Required action → Scan the listing below for the word "Shower" and state how many lines hold it. Write nothing but the number.

Provided material →
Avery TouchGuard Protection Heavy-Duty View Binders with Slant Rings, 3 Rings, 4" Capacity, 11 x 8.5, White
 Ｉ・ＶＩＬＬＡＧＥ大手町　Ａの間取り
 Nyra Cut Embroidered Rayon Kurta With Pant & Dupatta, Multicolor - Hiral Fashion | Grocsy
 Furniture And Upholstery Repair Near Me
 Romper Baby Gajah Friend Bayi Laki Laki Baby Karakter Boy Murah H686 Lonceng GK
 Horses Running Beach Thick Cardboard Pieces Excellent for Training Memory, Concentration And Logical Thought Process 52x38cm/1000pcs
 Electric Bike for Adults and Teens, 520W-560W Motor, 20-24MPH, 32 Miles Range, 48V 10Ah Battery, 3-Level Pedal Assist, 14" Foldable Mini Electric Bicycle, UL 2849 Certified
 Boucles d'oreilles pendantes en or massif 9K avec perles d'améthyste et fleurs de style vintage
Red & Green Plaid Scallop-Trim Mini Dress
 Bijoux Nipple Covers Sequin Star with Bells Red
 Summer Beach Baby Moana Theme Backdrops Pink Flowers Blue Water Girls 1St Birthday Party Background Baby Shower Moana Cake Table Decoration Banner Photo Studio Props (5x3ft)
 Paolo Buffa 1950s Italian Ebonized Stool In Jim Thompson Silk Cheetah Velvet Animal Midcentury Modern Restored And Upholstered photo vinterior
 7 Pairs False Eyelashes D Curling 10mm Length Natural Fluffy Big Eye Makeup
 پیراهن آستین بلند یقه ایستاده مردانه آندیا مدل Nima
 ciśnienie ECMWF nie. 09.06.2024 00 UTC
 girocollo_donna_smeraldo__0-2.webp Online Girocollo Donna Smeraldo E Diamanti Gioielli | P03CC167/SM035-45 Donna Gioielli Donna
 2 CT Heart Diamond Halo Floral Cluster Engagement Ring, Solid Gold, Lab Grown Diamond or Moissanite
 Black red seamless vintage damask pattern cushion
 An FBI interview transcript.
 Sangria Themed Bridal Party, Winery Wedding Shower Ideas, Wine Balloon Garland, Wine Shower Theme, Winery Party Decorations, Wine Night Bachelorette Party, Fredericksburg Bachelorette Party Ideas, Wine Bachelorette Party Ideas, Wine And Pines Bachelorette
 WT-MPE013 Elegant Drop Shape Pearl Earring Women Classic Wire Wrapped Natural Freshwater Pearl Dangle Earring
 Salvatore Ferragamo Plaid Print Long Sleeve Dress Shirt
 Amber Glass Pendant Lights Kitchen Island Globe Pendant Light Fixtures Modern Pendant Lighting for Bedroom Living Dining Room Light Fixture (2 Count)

Exercise answer → 2